__Problem requirements__.
Reproduce only the lines of the material below that start at the line containing "水の色ワイルドフラワーリース第1誕生日 ペーパープレート (アングル)" and stop at the line containing "(Expert) ISI 12". Keep both end lines.

__Data supplied__.
Start of Block
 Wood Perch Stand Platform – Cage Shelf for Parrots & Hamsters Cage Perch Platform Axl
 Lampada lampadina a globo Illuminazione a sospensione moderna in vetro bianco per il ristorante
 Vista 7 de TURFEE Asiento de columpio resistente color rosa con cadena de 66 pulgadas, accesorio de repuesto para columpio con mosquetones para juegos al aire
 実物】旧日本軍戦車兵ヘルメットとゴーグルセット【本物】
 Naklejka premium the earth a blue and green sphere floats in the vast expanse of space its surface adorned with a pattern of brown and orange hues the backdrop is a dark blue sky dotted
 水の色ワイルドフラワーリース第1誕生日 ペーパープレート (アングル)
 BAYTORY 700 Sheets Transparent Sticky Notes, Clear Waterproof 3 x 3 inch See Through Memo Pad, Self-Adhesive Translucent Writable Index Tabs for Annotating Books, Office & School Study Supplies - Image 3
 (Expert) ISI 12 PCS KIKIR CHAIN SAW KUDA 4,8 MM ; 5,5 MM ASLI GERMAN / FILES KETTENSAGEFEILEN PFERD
End of Block
Start of Block
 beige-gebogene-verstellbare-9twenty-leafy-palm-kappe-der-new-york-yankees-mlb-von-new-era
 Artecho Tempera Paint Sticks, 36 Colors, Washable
End of Block
Start of Block
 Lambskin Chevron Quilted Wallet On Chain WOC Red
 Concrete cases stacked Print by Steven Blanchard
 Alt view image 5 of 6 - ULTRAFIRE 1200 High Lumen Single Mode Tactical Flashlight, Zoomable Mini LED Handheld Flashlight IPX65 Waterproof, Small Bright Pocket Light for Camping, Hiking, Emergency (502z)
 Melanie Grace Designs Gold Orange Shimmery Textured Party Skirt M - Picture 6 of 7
End of Block
__Answer to the exercise__.
 水の色ワイルドフラワーリース第1誕生日 ペーパープレート (アングル)
 BAYTORY 700 Sheets Transparent Sticky Notes, Clear Waterproof 3 x 3 inch See Through Memo Pad, Self-Adhesive Translucent Writable Index Tabs for Annotating Books, Office & School Study Supplies - Image 3
 (Expert) ISI 12 PCS KIKIR CHAIN SAW KUDA 4,8 MM ; 5,5 MM ASLI GERMAN / FILES KETTENSAGEFEILEN PFERD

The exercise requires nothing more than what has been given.